This Creamy Mushroom Ragu with Polenta is made with chanterelle mushrooms, fresh herbs and hearty spices and is perfect for when you're craving a cozy meal.
Course Main Course
Cuisine Vegan
Keyword Chanterelle Mushrooms, Creamy, Healthy, Hearty, Polenta
Prep Time 5 minutes
Cook Time 15 minutes
Total Time 20 minutes
Yield 2 servings

Ingredients

For the Polenta

  • 1 cup Polenta

For the Mushroom Ragu

  • 1 whole White Onion
  • 2 Garlic Cloves
  • 500 g Chanterelle Mushrooms
  • 1/4 cup Soy Cuisine
  • 3 tbsp Nutritional Yeast
  • 1 tsp Salt
  • 1/2 tsp Pepper
  • 1 tbsp Fresh Thyme

Instructions

For the Polenta

  • Check out the instructions on the package before you start cooking as the cornmeal used will dictate the cooking time and the amount of liquid needed. 
  • In a large pot, according to the instructions bring the required amount of water to a boil.
  • Add in the salt.
  • Sprinkle the Polenta into the pot. Use a wooden spoon to stir it into the water. The polenta and water should form a paste after about 2 minutes.
  • Keep stirring it with a spoon for about 10 minutes or until the texture is creamy and the individual grains are soft.

For the Mushroom Ragu

  • Wash and prepare your veggies. Dice the White Onion and mince Garlic. Slice the Chanterelle Mushrooms.
  • Pre-heat a nonstick skillet to medium-high heat. Add 2 tablespoons of water or oil to the pan. Then add in the diced White Onion and minced Garlic.
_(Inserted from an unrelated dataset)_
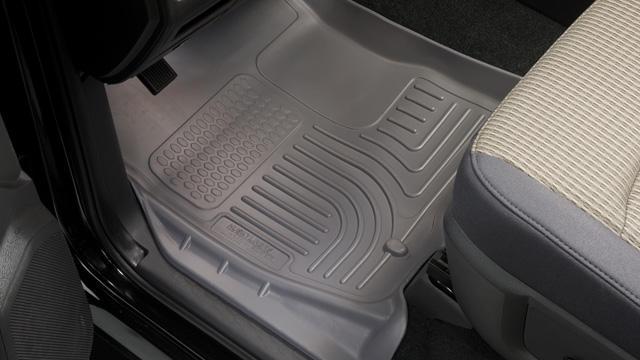 Husky Liners WeatherBeater Combo Front&2nd Row Black Floor Liners - 2012-2014 Subaru Impreza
Sauté over medium heat until translucent, about 3 minutes.
  • Using the same skillet, add in the Chanterelle Mushrooms. Sauté for 5 more minutes.
  • Stir in the Soy Cuisine. Add in the Nutritional Yeast, Salt and Pepper. Stir until the ingredients have combined properly.
  • Let it simmer for a few more minutes or until the sauce has thickened noticeably.
  • Turn off the heat. Divide the Mushroom Ragu evenly into two bowls. Garnish with Fresh Thyme and serve with the prepared Polenta. Enjoy!